An diesen im Freien aufgestellten antiken Figuren brachte das Volk nachts Zettel mit Versen an, um seine Unzufriedenheit auszudrücken oder sich über berühmte Personen lustig zu machen. Zielgruppe waren die Mächtigen vom 16. bis zum frühen 19. Jahrhundert. Päpste eingeschlossen. Oft waren es Künstler oder Aktivisten, die heute wohl eher auf die Straße gehen würden. Doch wurden sie damals dabei erwischt, schnitt man ihnen die Zunge heraus, hackte ihnen die Hand ab oder erhängte sie!
Zu den Statuen zählen Madama Lucrezia an der Piazza San Marco, »Il facchino«, Via Lata, Abate Luigi, Piazza Vidoni an der seitlichen Mauer der Basilica di Sant‘Andrea della Valle, Marforio auf dem Kapitolshügel und Babuino in der Via del Babuino. Das römische Volk gab ihm seinen Namen aufgrund seines hässlichen Aussehens, das man mit einer Affenart (römisch: babbuino) verglich.
Bekannteste und momentan einzige genutzte Figur ist der Pasquino. Sie wurde 1501 auf der Piazza Pasquino hinter der Piazza Navona aufgestellt. Wen sie genau darstellt, ist unsicher. Es soll ein Schneider namens Pasquino in der Gegend gelebt haben. Allerdings ist der Erhaltungszustand so schlecht, dass man es nicht mit Sicherheit feststellen kann. Dem antiken Torso fehlen schon die Arme, und sein Gesicht hat auch kkschon bessere Zeiten gesehen.
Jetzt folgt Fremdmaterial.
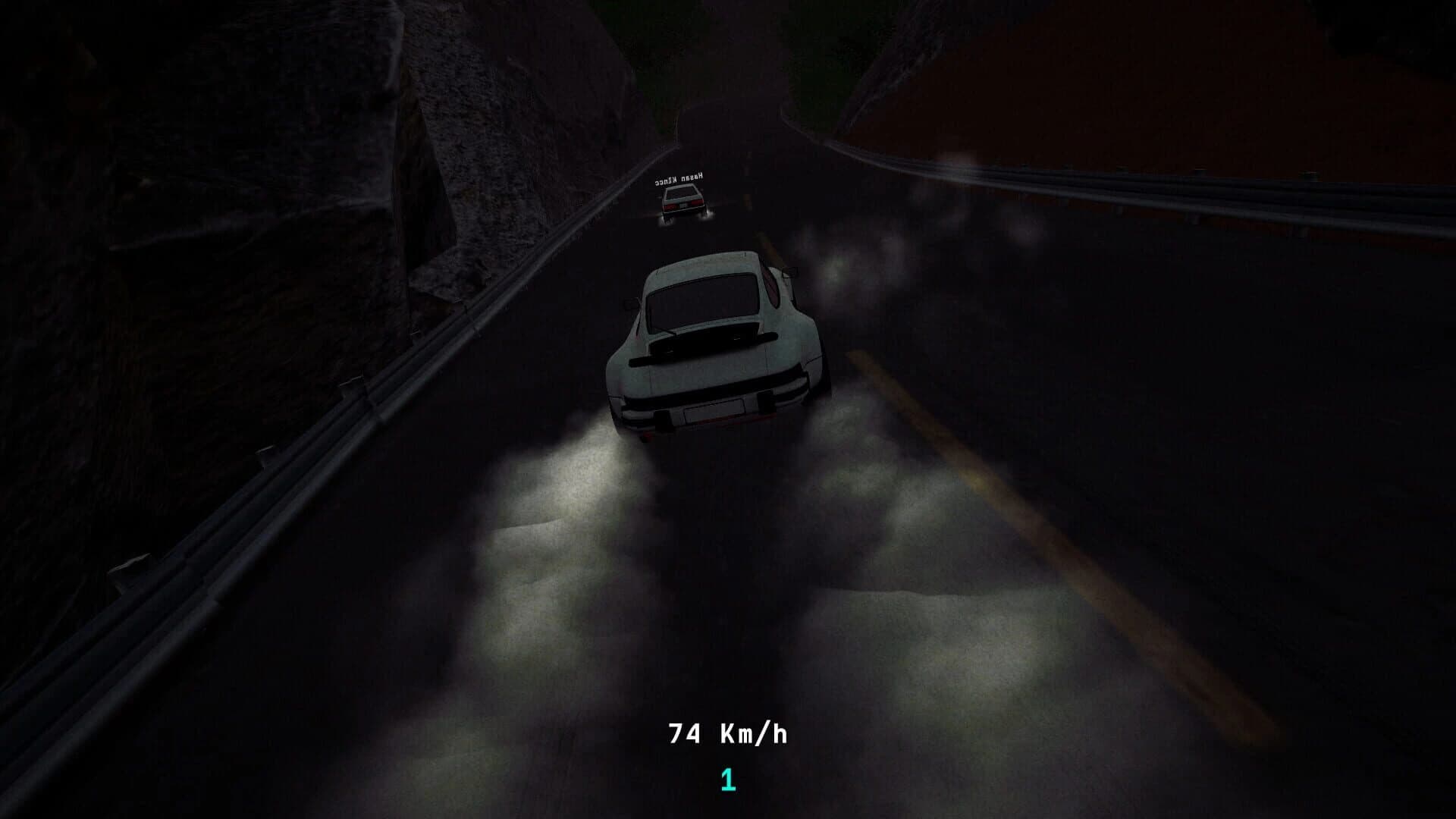Late Night Drift screenshot 2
Als die o.g. Statue Marforio noch genutzt wurde, brachte man auf ihr häufig Antworten auf die am Pasquino angehefteten Schmähschriften an. Auf diese Weise führten die beiden Statuen regelrecht Dialoge miteinander. Einer der Spottverse richtete sich gegen Papst Hadrian VI., den „deutschen“ Papst aus dem Heiligen Römischen Reich Deutscher Nation:
«O del sangue di christo traditore
ladro collegio chel bel vaticano
alla tedescha rabbia hai posto in mano
Come per doglia non ti scoppia el cuore»
»Oh du Verräter des Blutes Christi,
Räuberisches Kollegium, das du den schönen Vatikan
der deutschen Wut ausgeliefert hast:
Wieso bricht dir nicht vor Schmerz das Herz?«
Der empörte Papst Hadrian VI. ließ daraufhin anordnen, Pasquino in den Tiber zu werfen. Jedoch kam dem Kirchenhaupt der Tod in seiner kurzen Amtszeit zuvor. Nun liegt er begraben in der Deutschen Kirche Santa Maria dell’Anima – nur 200 Meter von Pasquino entfernt!
Am 25. April 1508 gründeten Studenten und Professoren direkt vor unserem Pasquino die pasquinata, ein burschenherrschaftliches Fest, worauf nicht zuletzt der Name der Skulptur zurückzuführen sein mag. Denn pasquill (ital. pasquinate) bedeutet nichts weiter als „satirisches Gedicht“. Tief in der Nacht zelebrierten sie eine feierliche Prozession und zitierten direkt vor der Statue Inschriften von Gräbern und Kunstwerken. All diese Heimlichkeiten wurden jedoch in den Jahren zu riskant – bedenke man die Konsequenzen – und irgendwann hörte man auf, die Statue mit Parolen und Versen zu versehen.. Erst 1938 hefteten die Römer wieder Zettel an den Sockel von Pasquino. Diesmal war der Besuch Hitlers in Rom der Grund. Seither ist die Figur wieder Anlaufstelle des heutigen Spottes geblieben. Beliebtes Objekt ist Silvio Berlusconi.
Wie der Zufall es will, ist der 25. April (1945) auch Nationalfeiertag: Gedenktag der Befreiung Italiens vom Faschismus und der Besetzung Italiens durch die Nationalsozialisten.
Liebe Martina,
über das Thema “Pasquino Marforio” und die Zetteln zwischen die zwei empfehle ich diesen Worten:
“O del sangue di Cristo traditore
ladro Collegio che bel Vaticano
alla tedesca rabbia hai posto in mano:
come per doglia, non ti scoppia il core?”
Hier gibt es mehrere Infos:
http://www.borgato.be/MISCELLANEA/ROMA_PARIONE-S-T/html/smariadellanima.html
Ich Gratuliere mich für deine Liebe für unsere Stadt, für unseren Geschichte und Traditionen.